The animal from whose hide the parchment was made could have been alive in the lifetime of the Prophet Mohammed, or shortly afterward, they said in a university news release.
According to Muslim tradition, they said, the Prophet Mohammed received the revelations that form the Quran between 610 and 632 AD.
"At this time, the divine message was not compiled into the book form in which it appears today. Instead, the revelations were preserved in 'the memories of men.' Parts of it had also been written down on parchment, stone, palm leaves and the shoulder blades of camels," the researchers said.
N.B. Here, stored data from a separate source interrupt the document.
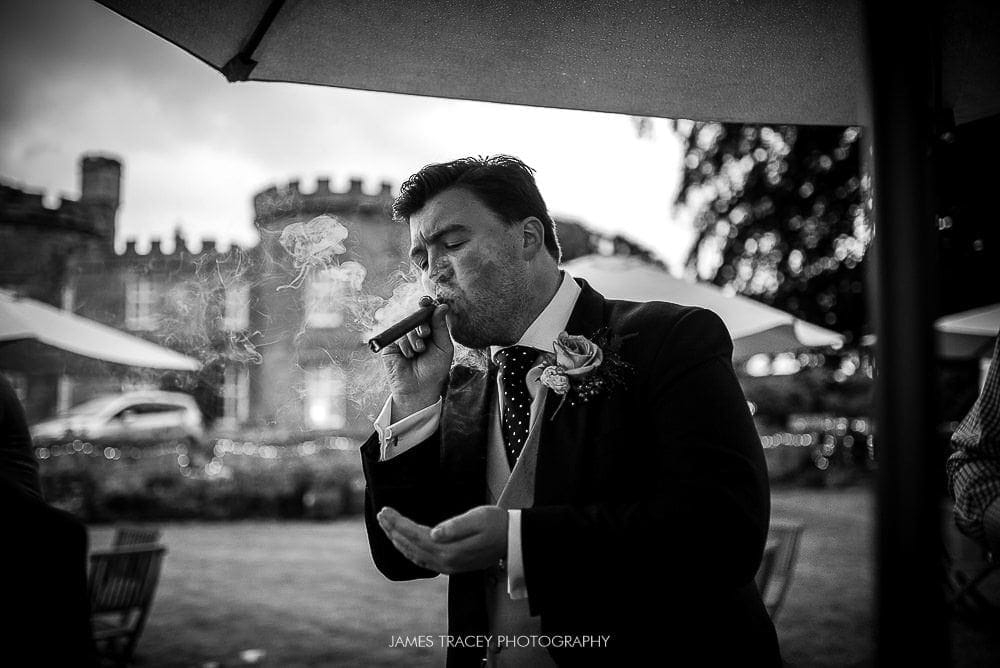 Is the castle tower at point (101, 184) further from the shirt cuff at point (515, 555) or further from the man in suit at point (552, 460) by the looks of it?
the shirt cuff at point (515, 555)

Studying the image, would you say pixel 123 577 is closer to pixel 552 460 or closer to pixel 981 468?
pixel 552 460

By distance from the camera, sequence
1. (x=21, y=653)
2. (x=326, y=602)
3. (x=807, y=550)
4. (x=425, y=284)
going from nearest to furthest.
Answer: (x=21, y=653) → (x=425, y=284) → (x=326, y=602) → (x=807, y=550)

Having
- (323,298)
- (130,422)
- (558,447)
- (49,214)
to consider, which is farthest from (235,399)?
(558,447)

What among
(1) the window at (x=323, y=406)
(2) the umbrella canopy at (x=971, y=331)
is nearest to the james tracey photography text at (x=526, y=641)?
(2) the umbrella canopy at (x=971, y=331)

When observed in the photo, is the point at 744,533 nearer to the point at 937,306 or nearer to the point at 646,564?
the point at 646,564

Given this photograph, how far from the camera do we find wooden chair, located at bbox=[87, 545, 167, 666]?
5230 mm

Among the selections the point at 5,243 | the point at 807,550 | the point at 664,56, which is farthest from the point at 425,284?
the point at 5,243

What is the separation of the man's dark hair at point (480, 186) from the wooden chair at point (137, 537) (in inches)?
199

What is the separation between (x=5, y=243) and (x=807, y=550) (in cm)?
2614

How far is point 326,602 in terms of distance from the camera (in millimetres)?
7898

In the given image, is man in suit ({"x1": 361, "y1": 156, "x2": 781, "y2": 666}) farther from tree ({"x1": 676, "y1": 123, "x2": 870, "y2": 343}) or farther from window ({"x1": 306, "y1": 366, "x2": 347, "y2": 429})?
window ({"x1": 306, "y1": 366, "x2": 347, "y2": 429})

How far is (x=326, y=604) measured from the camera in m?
7.82

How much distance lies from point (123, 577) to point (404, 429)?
4.41 metres

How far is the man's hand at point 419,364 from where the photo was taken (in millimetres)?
Result: 2010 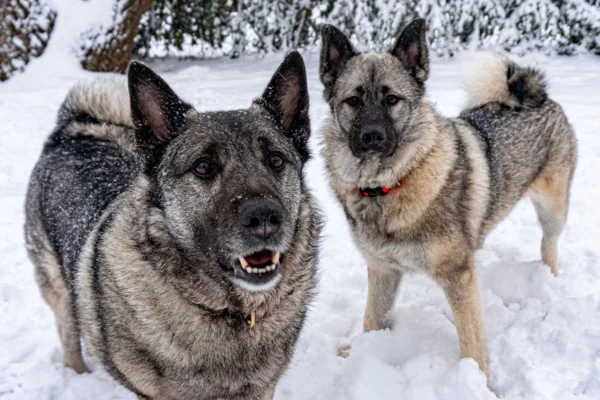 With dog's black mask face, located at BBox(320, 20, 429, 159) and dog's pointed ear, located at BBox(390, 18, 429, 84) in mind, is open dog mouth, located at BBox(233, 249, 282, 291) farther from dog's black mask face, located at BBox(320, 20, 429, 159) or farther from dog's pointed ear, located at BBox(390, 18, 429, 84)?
dog's pointed ear, located at BBox(390, 18, 429, 84)

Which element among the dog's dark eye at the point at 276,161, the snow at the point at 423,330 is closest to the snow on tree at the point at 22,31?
the snow at the point at 423,330

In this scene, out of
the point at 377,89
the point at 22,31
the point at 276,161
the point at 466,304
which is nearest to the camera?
the point at 276,161

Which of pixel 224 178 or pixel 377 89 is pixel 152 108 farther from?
pixel 377 89

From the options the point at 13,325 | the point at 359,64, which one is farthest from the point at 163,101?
the point at 13,325

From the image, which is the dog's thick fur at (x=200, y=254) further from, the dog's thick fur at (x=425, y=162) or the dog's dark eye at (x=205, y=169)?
the dog's thick fur at (x=425, y=162)

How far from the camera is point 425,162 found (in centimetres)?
291

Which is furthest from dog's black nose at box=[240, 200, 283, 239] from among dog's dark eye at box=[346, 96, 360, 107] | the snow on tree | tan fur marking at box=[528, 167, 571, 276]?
the snow on tree

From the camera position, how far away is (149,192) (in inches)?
80.4

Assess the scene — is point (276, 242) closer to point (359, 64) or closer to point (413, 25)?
point (359, 64)

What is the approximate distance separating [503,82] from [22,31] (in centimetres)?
766

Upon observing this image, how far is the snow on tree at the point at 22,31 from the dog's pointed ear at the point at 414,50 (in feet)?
23.4

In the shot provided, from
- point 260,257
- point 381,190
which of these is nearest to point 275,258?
point 260,257

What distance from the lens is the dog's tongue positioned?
1851 mm

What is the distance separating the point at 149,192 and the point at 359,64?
1.72 m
It was only under Caliph Abu Bakr, the first leader of the Muslim community after Mohammed, that the collection of all Quranic material was ordered to be gathered in the form of a book, they said.
"The final, authoritative written form was completed and fixed under the direction of the third leader, Caliph Uthman, in about AD 650. Muslims believe that the Qur'an they read today is the same text that was standardised under Uthman and regard it as the exact record of the revelations that were delivered to Muhammad."
'Global significance'
The researchers hailed the discovery as being of particular significance to Birmingham because the city is culturally diverse with a large Muslim population.
Susan Worrall, director of special collections at the Cadbury Research Library, described the manuscript as "a treasure that is of global significance to Muslim heritage and the study of Islam, as well as being a source of great pride to the local community."
Dr Muhammad Isa Waley, lead curator for Persian and Turkish Manuscripts at the British Library, said: "This is indeed an exciting discovery.
"We know now that these two folios, in a beautiful and surprisingly legible Hijazi hand, almost certainly date from the time of the first three Caliphs."